Career pathways are a workforce development strategy used to support workers’ transitions from education into and through the workforce marketplace. This strategy has been adopted at federal, state, and local levels to increase education, training, and learning opportunities for America’s current and emerging workforce.  Because these pathways cross industry and education sectors, states often combine multiple funding streams to fund different elements of career pathways models. 

A career pathways initiative typically consists of a partnership among K-12 schools, community colleges, workforce and economic development agencies, employers, labor groups, and social service providers.

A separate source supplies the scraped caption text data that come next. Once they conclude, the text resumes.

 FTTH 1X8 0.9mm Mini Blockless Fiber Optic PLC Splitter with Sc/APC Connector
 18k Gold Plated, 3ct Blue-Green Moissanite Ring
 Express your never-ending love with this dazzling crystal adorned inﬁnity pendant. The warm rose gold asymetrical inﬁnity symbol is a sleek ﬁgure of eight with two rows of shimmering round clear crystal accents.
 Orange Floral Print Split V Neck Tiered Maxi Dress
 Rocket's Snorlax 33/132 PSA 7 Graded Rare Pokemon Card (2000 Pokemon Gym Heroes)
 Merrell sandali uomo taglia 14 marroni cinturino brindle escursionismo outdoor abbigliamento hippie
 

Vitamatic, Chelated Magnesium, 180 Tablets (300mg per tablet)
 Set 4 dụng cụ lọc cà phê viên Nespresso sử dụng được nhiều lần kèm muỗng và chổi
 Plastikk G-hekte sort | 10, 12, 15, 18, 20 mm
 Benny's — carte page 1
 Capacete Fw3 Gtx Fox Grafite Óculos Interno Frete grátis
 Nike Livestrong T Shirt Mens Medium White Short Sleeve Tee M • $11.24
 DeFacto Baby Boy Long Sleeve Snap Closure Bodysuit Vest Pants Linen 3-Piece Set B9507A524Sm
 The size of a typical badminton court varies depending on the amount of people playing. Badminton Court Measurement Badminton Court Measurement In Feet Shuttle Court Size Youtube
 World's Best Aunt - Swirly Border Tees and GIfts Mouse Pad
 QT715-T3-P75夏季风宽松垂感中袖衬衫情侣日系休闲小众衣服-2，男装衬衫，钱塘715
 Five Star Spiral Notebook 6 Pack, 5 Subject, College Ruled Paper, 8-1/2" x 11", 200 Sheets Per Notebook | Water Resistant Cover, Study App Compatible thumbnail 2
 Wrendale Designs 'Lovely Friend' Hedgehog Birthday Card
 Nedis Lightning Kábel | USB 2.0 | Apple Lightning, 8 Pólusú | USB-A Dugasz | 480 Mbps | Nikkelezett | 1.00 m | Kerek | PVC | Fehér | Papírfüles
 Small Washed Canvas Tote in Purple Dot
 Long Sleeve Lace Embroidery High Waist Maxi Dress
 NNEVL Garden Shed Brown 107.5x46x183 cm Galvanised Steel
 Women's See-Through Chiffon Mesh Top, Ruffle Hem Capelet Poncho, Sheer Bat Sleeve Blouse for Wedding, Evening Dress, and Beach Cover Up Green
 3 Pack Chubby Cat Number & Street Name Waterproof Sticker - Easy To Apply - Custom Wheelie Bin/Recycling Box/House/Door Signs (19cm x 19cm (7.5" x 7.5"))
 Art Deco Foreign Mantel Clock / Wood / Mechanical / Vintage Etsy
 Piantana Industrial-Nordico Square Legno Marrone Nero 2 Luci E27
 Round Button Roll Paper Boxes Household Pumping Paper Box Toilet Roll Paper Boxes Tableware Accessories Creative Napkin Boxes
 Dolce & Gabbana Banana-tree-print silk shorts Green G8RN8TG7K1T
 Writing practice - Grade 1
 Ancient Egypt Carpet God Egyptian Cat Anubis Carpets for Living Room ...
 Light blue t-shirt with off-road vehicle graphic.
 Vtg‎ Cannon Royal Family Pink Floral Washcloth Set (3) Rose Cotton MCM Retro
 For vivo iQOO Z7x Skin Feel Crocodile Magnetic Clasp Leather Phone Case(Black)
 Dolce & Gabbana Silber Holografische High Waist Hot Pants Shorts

The model connects progressive levels of education, training, support services, and credentials for specific occupations. Its aims are to help individuals earn marketable credentials, engage in further education and employment, and achieve economic success. 

Community colleges often play a central role in career pathways initiatives by coordinating occupational training, remediation, academic credentialing, and transfer among the partner organizations.

The Center for Law and Social Policy’s Alliance for Quality Career Pathways (AQCP) lists three essential features of Career Pathways:

  1. Well-connected and transparent education, training, credentials and support services.
  2. Multiple entry points for well-prepared students and for targeted populations, and multiple exit points into the labor market.
  3. Multiple exit points at successively higher levels, leading to self- or family-supporting employment and aligned with subsequent entry points.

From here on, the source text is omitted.